- **The problem**:
Repeat exactly the lines of the entries below from the one with "MIZZZEE Eggs Vibrator (Single Egg) MIZZZEE" through the one with "Israel Dituding Terapkan", both ends included, and nothing else.

- **Records provided**:
━━━━

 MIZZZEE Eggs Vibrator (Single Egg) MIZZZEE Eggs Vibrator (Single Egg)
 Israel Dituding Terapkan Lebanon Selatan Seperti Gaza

━━━━

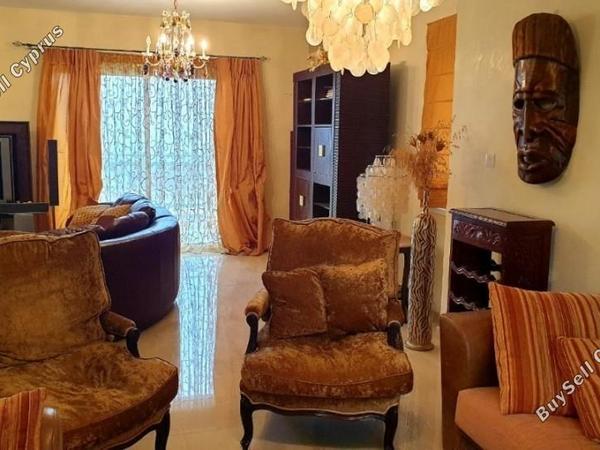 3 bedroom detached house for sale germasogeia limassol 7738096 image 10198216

━━━━

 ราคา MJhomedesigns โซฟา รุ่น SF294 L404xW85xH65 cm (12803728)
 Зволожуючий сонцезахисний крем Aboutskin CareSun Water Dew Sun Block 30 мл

━━━━

- **Response**:
 MIZZZEE Eggs Vibrator (Single Egg) MIZZZEE Eggs Vibrator (Single Egg)
 Israel Dituding Terapkan Lebanon Selatan Seperti Gaza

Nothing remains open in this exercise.